CoTranslate is a web-based platform designed to efficiently label and review translations from language experts, with the aim of creating high-quality sentence-pair corpuses for training neural machine translation models. Utilizing Django backend and ReactJS frontend, the platform fosters collaboration among experts in translating and validating sentences. Focused on developing quality corpora, particularly for low-resource languages, CoTranslate addresses linguistic barriers and enhances translation quality. By streamlining the creation of robust training datasets, CoTranslate holds significant potential to impact the field of machine translation.

CoTranslate has the following capabilities:

  1. Manager and labeler profile for creating,reviewing and completing campaigns.

  2. Supports translation and validation based on a dataset uploaded by the manager user.


Project Structure

First: /backend Backend Configuration (Django Application)

  1. settings.py: Set up backend configurations.
  2. urls.py: Establish backend URL patterns.

Second: /labelingPlatform Labeling Platform Setup (Django Application)

  1. admin.py: Define the platform's admin class and functions.
  2. models.py: Create classes for profiles, campaigns, campaign items, and their features and functions.
  3. serializers.py: Link Django models and media storage to the client, converting complex information to local Python data types.
  4. urls.py: Specify app URLs.
  5. views.py: Create views for application classes, such as campaign creation, review, validation, and translation.
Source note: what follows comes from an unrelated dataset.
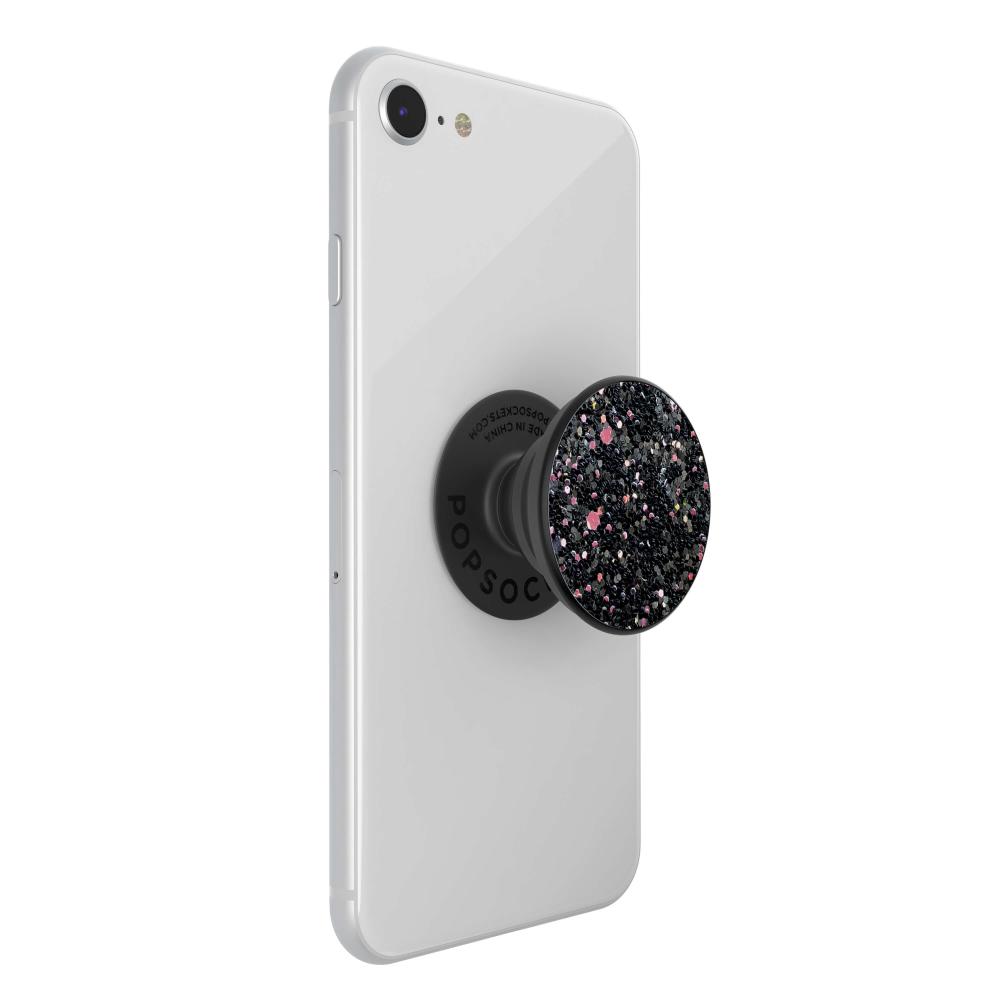 PopSockets Avtagbart Grip med Ställfunktion Premium Sparkle Black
Third: /frontend Frontend Development (ReactJS)

  1. src/components: Include components like footer, headerNavBar, CreateEditCampaign, Campaign review, and Campaign statistics.
  2. src/context: Store authorization tokens for different user profiles.
  3. src/lang: Store English and Spanish texts for the application to display on the frontend.
  4. src/views: Design views for pages like campaign, home, item translation, item validation, login, manager, signup, and tagger.
  5. src/App.js: Launch the frontend app.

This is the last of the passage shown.